You later work up the nerve to kiss her at the bus stop during magic hour, and it’s totally indelibly incredible, outta this world, the cat’s knees and bee’s jammies. You realise as lips meet that now you understand why people kiss. As you once read in a ‘research’ article: you just want to put your face on hers. You once kissed a boy on a couch in the dark and he stopped so he could laugh, and you laughed with him because yes, it is oddly mechanical and clumsy and just strange as an act when you really think about it. But five years later with a girl, no questions about what you’re doing or anything, it just rocks.
You decide for other reasons not to see her again, but it does clear up any doubts you had. You can now say to anyone with alacrity and no compunction:
I am bisexual.
Your father just stares at you, and for a terrifying second you can’t read him and wish to take it all back. Oh god, what have you done?
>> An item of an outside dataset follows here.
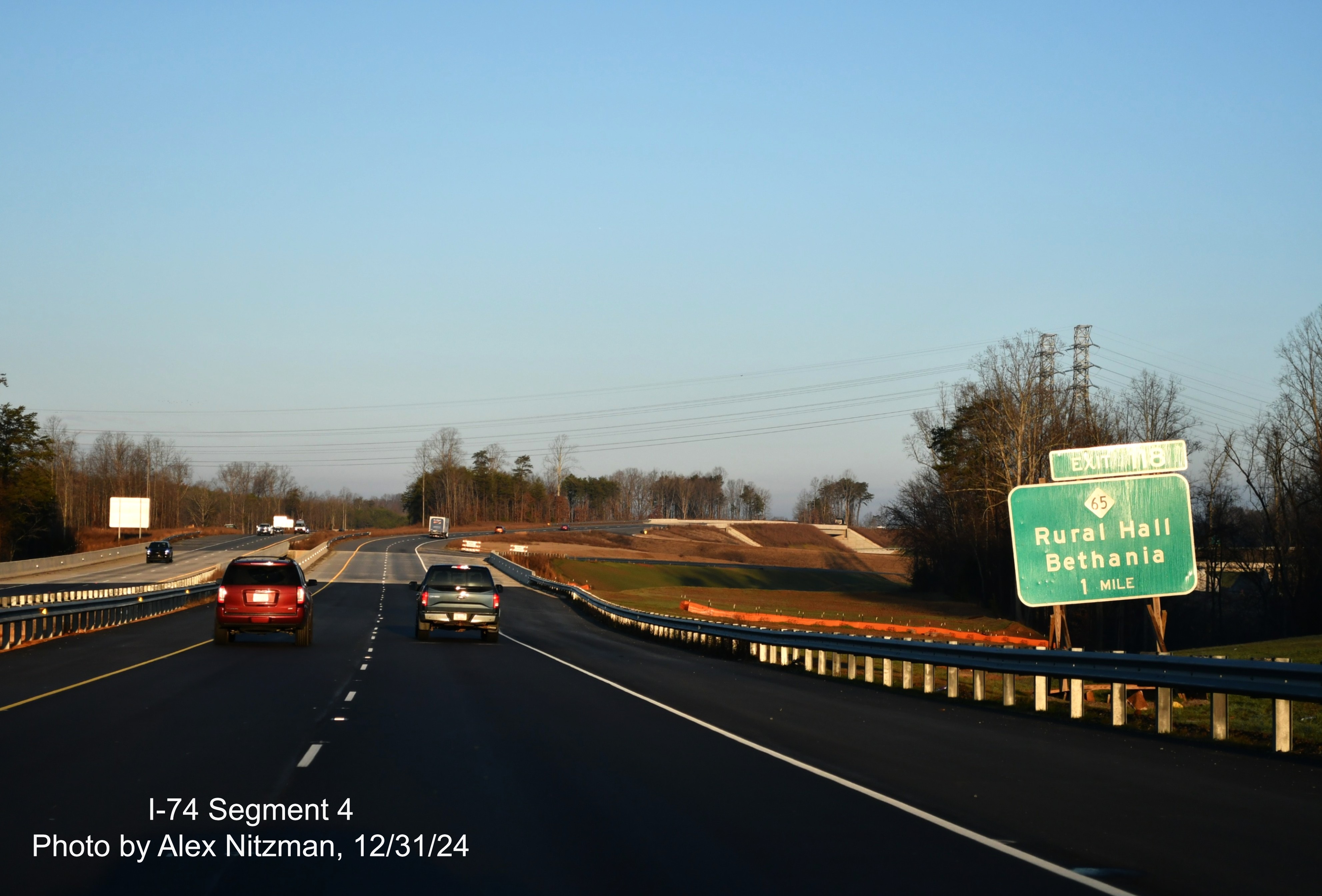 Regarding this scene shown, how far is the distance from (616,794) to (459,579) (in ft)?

That’s all he says. Like you’re making a big deal of nothing. Pancakes concern him more than his daughter coming out. Mum gushes of course, oh darling it’s okay, thank you for telling us, and asks if you’re seeing someone and that’s why you now know.
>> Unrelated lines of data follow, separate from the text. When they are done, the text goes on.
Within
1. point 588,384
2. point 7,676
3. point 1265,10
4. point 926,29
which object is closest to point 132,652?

“No,” you answer, “I just spoke with some friends.”
Later that night, she vulnerably worries that you’d been keeping it bottled up inside, afraid that you couldn’t tell them. That tortures her more than the idea that your life might be harder, gayer, whatever. But you can honestly say you’ve only been sitting on the epiphany for a few weeks. Your brother knows. A few other people know. You might never come out to your grandparents, but that’s fine.
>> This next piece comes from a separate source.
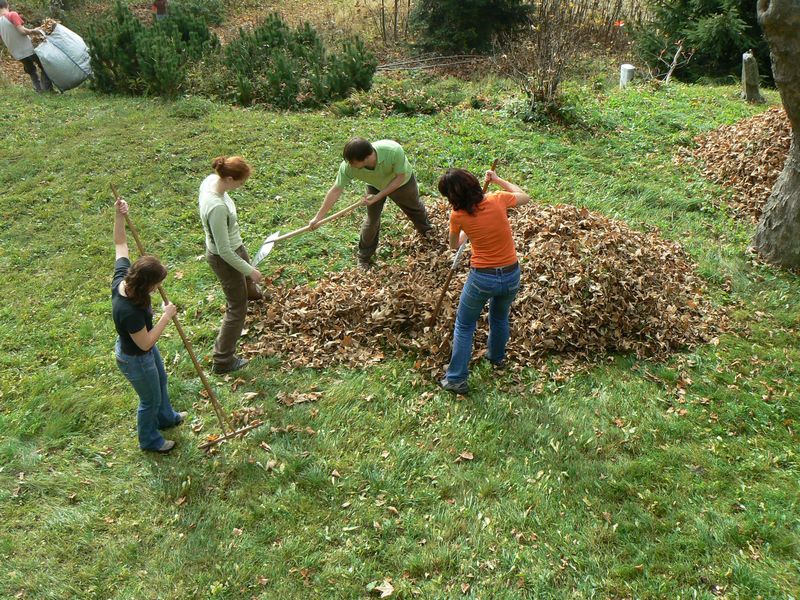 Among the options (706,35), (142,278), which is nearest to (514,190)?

So long as your immediate family knows and still loves you, the rest will be fine.
You’ll spend the next year unraveling the knot of what it all means, meeting the new experience in every facet of your being. It occurs to you how little about queer culture you actually know, and you feel like a fraud all over. You worry about percentages of attraction, chasing every thought objectifying a man with one equally desiring a woman in the name of fairness, or perhaps legitimacy, like if you don’t operate in ‘queer mode’ all the time then you have no right to claim it anytime. You worry other colonised, selfish things, too, like whether you’d be seen as butch or unwomanly, or that you couldn’t be the vulnerable one in need of protection in a same-sex relationship because of your imposing height. You worry you’re not sexy or sexual enough. You worry all the time, devoting at least ten minutes a day to remembering and pondering and worrying over this new-you fact. You worry that no one really wants to talk about it, not even your family (who love you, but don’t always understand). So many of your queer friends weren’t as lucky as you; the world hurt them. They can’t always talk about it so easily. And you desperately want to talk about it. Announcing it out loud makes it seem real. You want people to know all the time now so they don’t assume otherwise, like you did for so many years, in school hallways and on your childhood bedroom floor, with your friends or all alone, wandering scenes of Sydney, and listening to Yrsa in the darkness, picking apart the secret knot inside you...
Maybe it’s queer, you wonder, to finally understand that the silence is loud. And that speaking up when (if ever) you’re ready — that’s euphoria.
During Pride Month, when the rains wash the coastal blues with iridescent hues, Stephen Colbert declares “love is love”, and you go on a rant to your new housemate. It’s not always about love! you declare. Why do you have to love someone?! Must it be romantic to be legit?!
Sometimes you just wanna put your face on someone else’s face.